The Philadelphia Enquirer, 25 November 1862

I found it so in Baltimore in a peculiar manner and, also, on my way down the Chesapeake on board the Major Belger. This is owing to the sea breeze that is constantly blowing from all quarters here. As the ward I am in is in upper story of what was a spacious hotel which embraces three large houses attached to one another, we feel the full force of it through the long corridors which extend north and south, east and west, between the rooms, with windows opening at the top and clear down  to the floor.

As we look across the mouth of the Potomac, the sacred soil of Virginia is in full view 8 or 10 miles distant. We can see it some ways up the river, and down to the light at the mouth of the  Rapahannock.

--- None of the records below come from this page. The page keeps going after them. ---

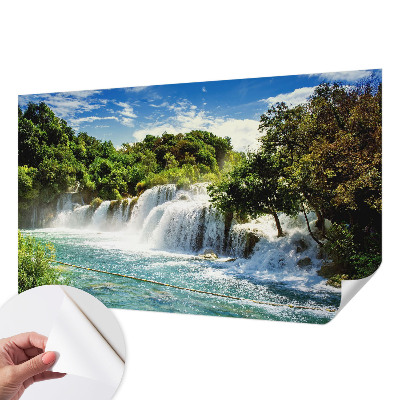 Fototapeta za otroško sobo z motivom osupljivega slapa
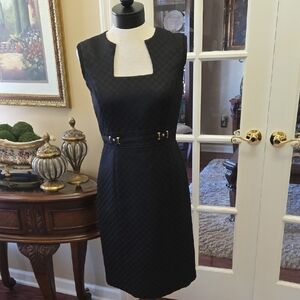 Tahari Arthur S. Levine Chic Black On Black Sleeveless Midi Dress Fitted  6 EUC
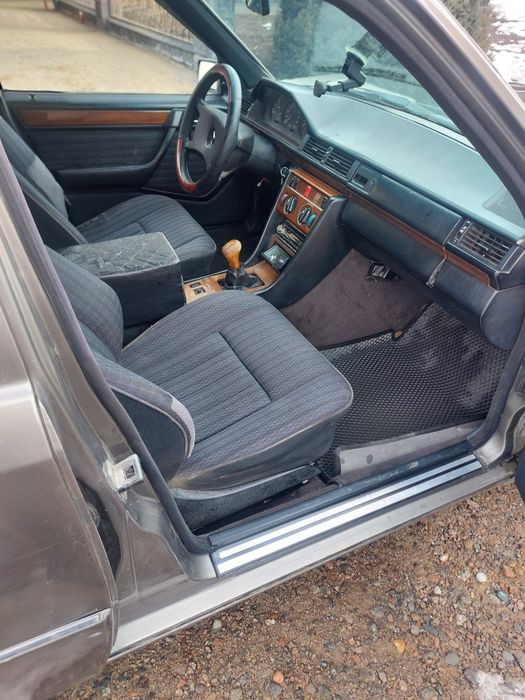 Продам мерседес Е 200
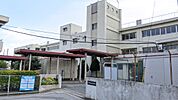 加須市立礼羽小学校（332m）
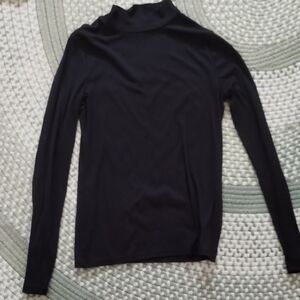Black Long Sleeve Turtleneck Top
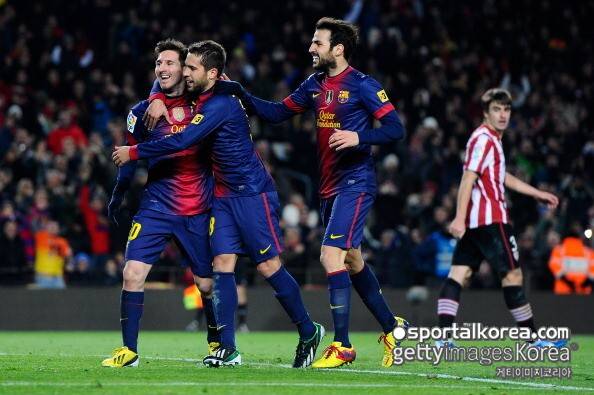 천하의 리오넬 메시, '슬픔의 작별 인사'…'은퇴 선언'하는 바르셀로나 동료들 이별에 아쉬움 토로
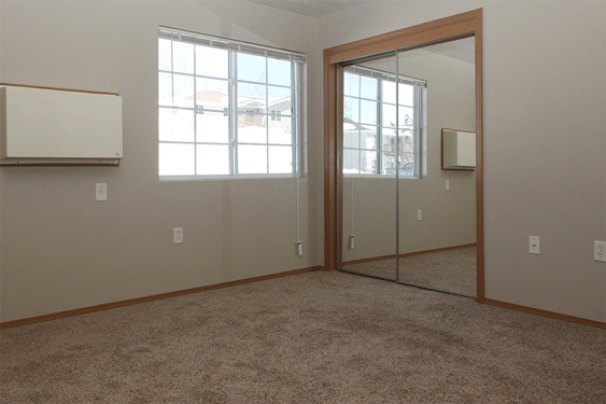 Queen Main Bedroom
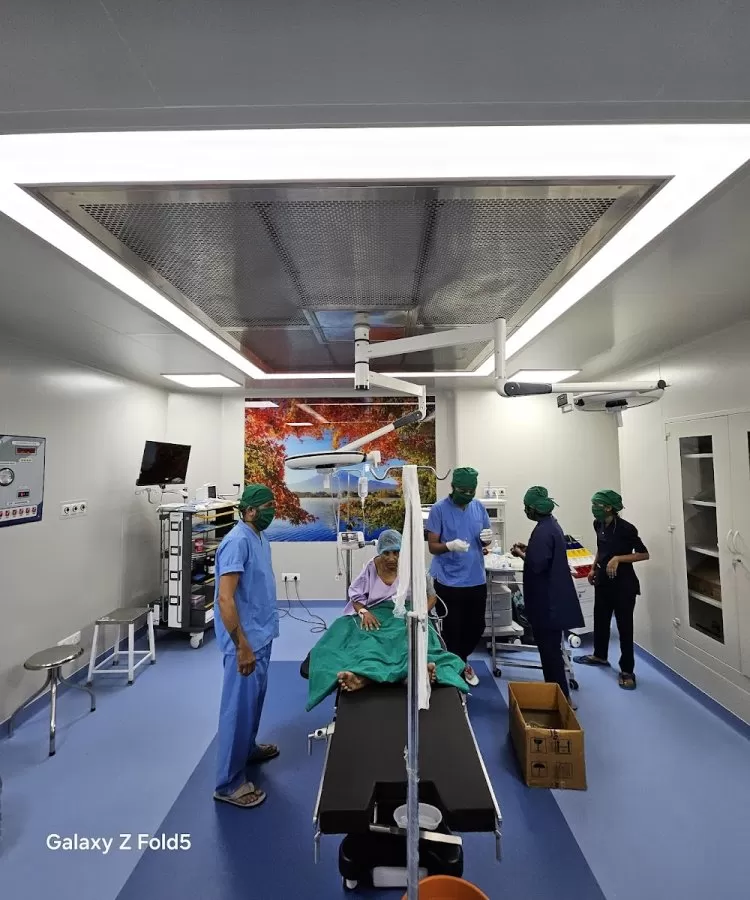 Dr. Paras Jain - Expert General, Laparoscopic, Gastro, Gall Bladder, Piles Specialist,Fistula , Hernia Surgeon in Undri - Photo 1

This is the third letter that I have written home. I have received nothing as yet but  hope to before long. Mary Hobart said she would see that the Boston Journal was sent me. I have not got one yet. If you have found that large map Andrew had at Fortress Monroe that came out of that big book, I wish it put in an envelope newspaper fashion and forwarded to me by mail. His is Papa’s little humming bird and the baby? From your father, — M. W. Clark


1 The only Nickerson I can find in the 32nd Massachusetts Infantry was listed on the roster as William T. Nickerson (1838-1867) of Plymouth in Co. E.